Not all outdoor dining structures are created equally, says Richard Corsi, an air quality expert and dean of engineering and computer science at Portland State University in Oregon.

"There's a wide spectrum," Corsi says. "The safest that we're talking about is no walls — a roof. And then the worst is fully enclosed — which is essentially an indoor tent — especially if it doesn't have really good ventilation and good physical distancing."

In fact, Corsi says some outdoor dining structures that are enclosed and have lots of tables near each other end up being more dangerous than being indoors, because the ventilation is worse.

Dining that is truly outdoors, with no temporary shelter at all, is much safer because there are "higher air speeds, more dispersion and more mixing than indoors," Corsi says, which means that respiratory droplets harboring the virus don't accumulate and are less concentrated when people are close to each other.

"If they have heaters, then you're going to actually have pretty good ventilation," Corsi says, "The air will rise up when it's heated, and then cool air will come in."
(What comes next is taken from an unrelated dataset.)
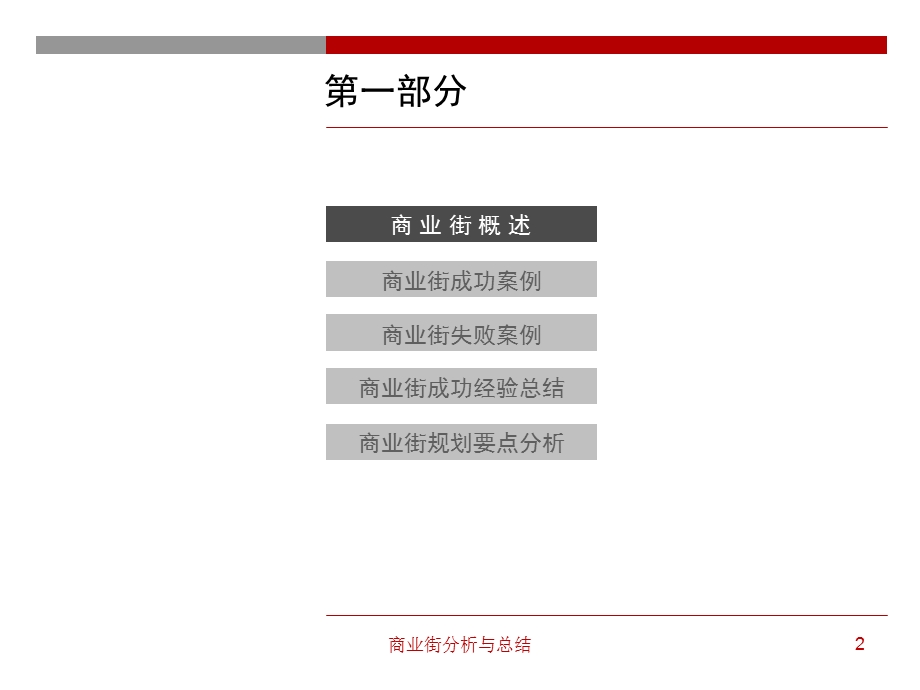 经典商业街的案例分析.ppt_第2页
He says private "pods" or "domes" can be fairly safe if they are properly ventilated and cleaned between diners. That also assumes that everyone eating inside the structure lives together, so they have already been exposed to each other's germs.

But Corsi says he is still not going out for a meal in one of the many new outdoor dining creations — "even though I know they've got a much lower risk" of spreading COVID-19 than most indoor alternatives.

This story comes from NPR's health reporting partnership with Kaiser Health News.